Wednesday, November 21, 2007

Friendly Happy Botswana

In the morning, Gerhard drops me at Cape Town airport early so I have plenty of time to relax in the BA lounge and do battle with Comair’s proxy servers which in addition to blocking almost all internet traffic, are even smart enough to block you googling for proxy avoidance sites! After an uneventful flight I’m in Jo’berg Airport. I am mighty tempted to head across to the international departures area to enquire how much a ticket to Botswana will cost if I buy it now, but when I realise this involves a trek through a multi-story car park (lots of construction on pre-2010) I give up and accept my fate!

My bus is at 2pm from the main bus depot which is next to Park Station in downtown Joberg. All guide books and advice all have extreme warnings about how unsafe this area is, being plagued with violent crime and muggings, so I’m very keep to minimise my time there. My cunning plan is therefore to wait at the airport until 1 hour before the bus departs, then cab it there and hope I don’t die. In the mean time, I pop into Ocean Basket, the seafood chain restaurant, for some tasty hangklip, calamari and salad, washed down with Two Oceans wine.

Back at the official airport taxi stand, the price suspiciously seems to have gone up from 220 to 250, so the guy doesn’t get a tip. He says it’s safer round the station now, as there is lots of security, which relaxed me slightly (alert levels down from nuclear to maximum). When we arrive, I don’t like it – a multi-level concrete area with lots of people milling about. A fat porter woman comes over with a trolley and when I refuse her services, suggests I don’t want to tip her. Well, yes.

Inside feels much safer than the drop zone – it’s bright, and there are a few security people about. I find the Intercape departure area and join the queue. There seem to be lots of UCT (University of Cape Town) students on their way home, and I chat with Khumo, who has just finished five years of psychology and is just in front of me with an impressive stack of bags. We end up sat on the bus together, and I have to say having had large chaps sleeping on my shoulder for the last few long distance buses I’ve taken, pretty Khumo is a welcome change. Not that I had her sleeping on my shoulder though!

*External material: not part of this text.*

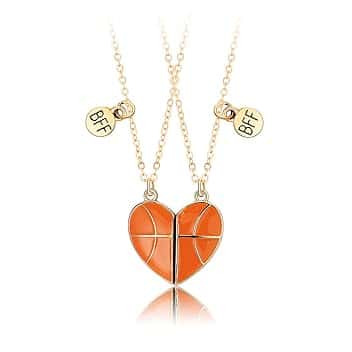 CERSLIMO Collana magnetica con ciondolo a forma di pallone da basket per ragazzi e ragazze, 2 collane abbinate a tema basket e calcio, regalo magnetico per migliore amico, regalo di compleanno,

It’s quite warm on the bus, and Garam’s fan gets deployed again, yes it’s still going. We chat along the way, and get no sleep, which was our shared plan for this bus. It stops off occasionally, and is running behind schedule. Strangely, the weather seems to get cooler as we head to Botswana. Don’t worry, Khumo assures me, it will be hot in Botswana. We chat about our love for Cape Town. She might go back for her graduation ball in December.

When we reach the border, which strangely involved a long stretch of unlit road, we have to alight. The procedure is first SA Emigration, which is easy, just a quick exit stamp. Then we walk across a gravel open area dodging HGVs driving around us to the Botswanan side. Here it’s not so clear what to do. First one has to ask for a form, which involves pushing to the front of the queue, interrupting what the official is doing and asking for it. Why don’t they leave a stack out? Anyway, you fill this in, queue up, and get stamped. The lady asks me what I’m doing in Botswana. Erm, well, not sure really. Why do I always feel like I’ve committed a crime when asked questions like this by an official?!

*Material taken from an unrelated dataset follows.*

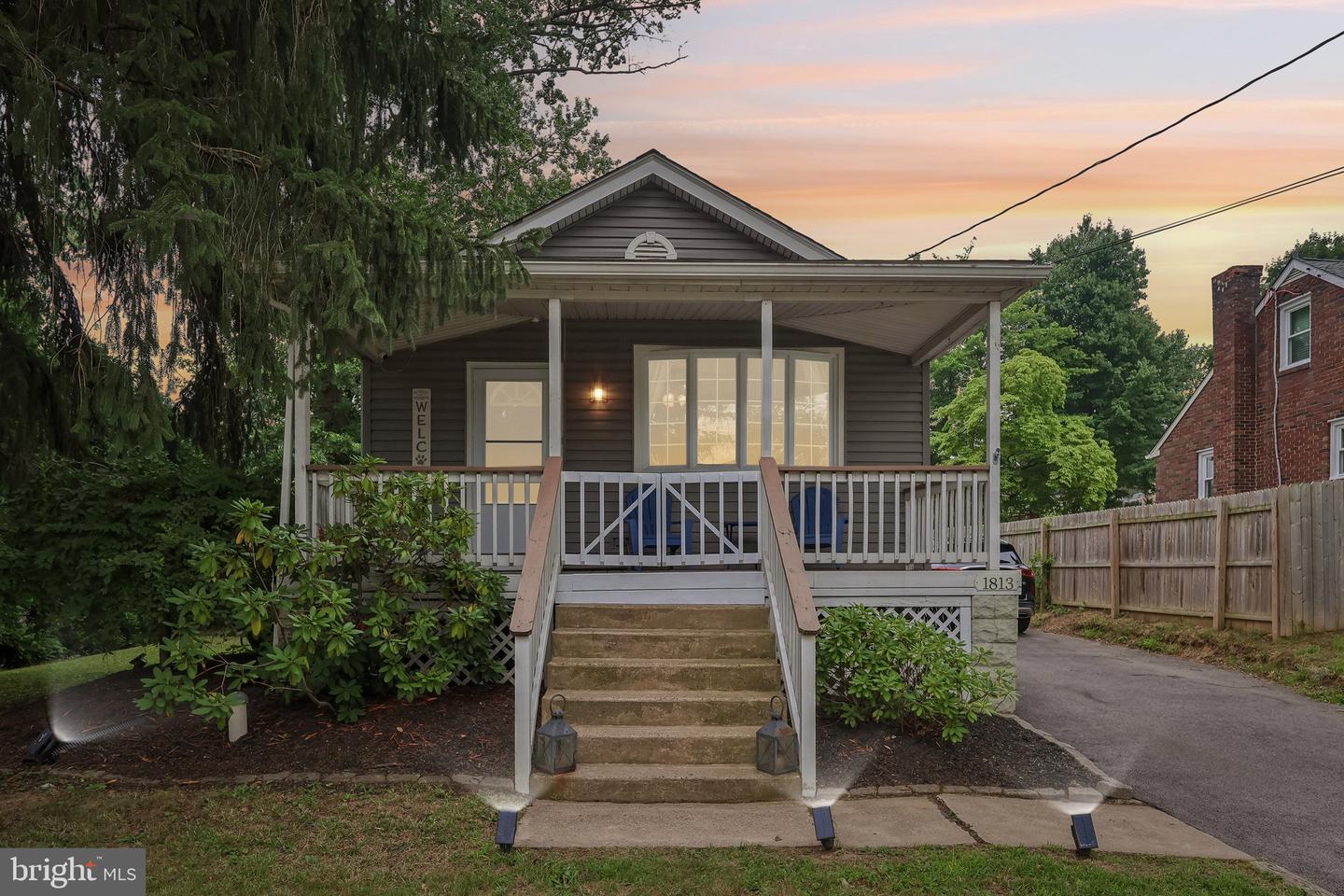 1813 Fitzwatertown Road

Outside, it’s customs time, and my book says they’re pretty strict in Botswana, often washing your shoes to make sure Foot and Mouth is kept out of the country. We don’t get this, but it’s not clear what we are supposed to be doing. The bus pulls up, and someone says we all have to take our luggage out. Someone else says we don’t. The bags are tightly loaded into the undercarriage by people at the bus terminal in Jo’berg, it’s going to be a mess if we all pull them out. We start doing this, but when half or so have taken their bags and walked through the customs gate, a bus person says we don’t need to do it any more. Eh? A cow wanders about on the grass in front of the customs point, and a UCT student says you know you’re back in Botswana when cows are wandering the roads.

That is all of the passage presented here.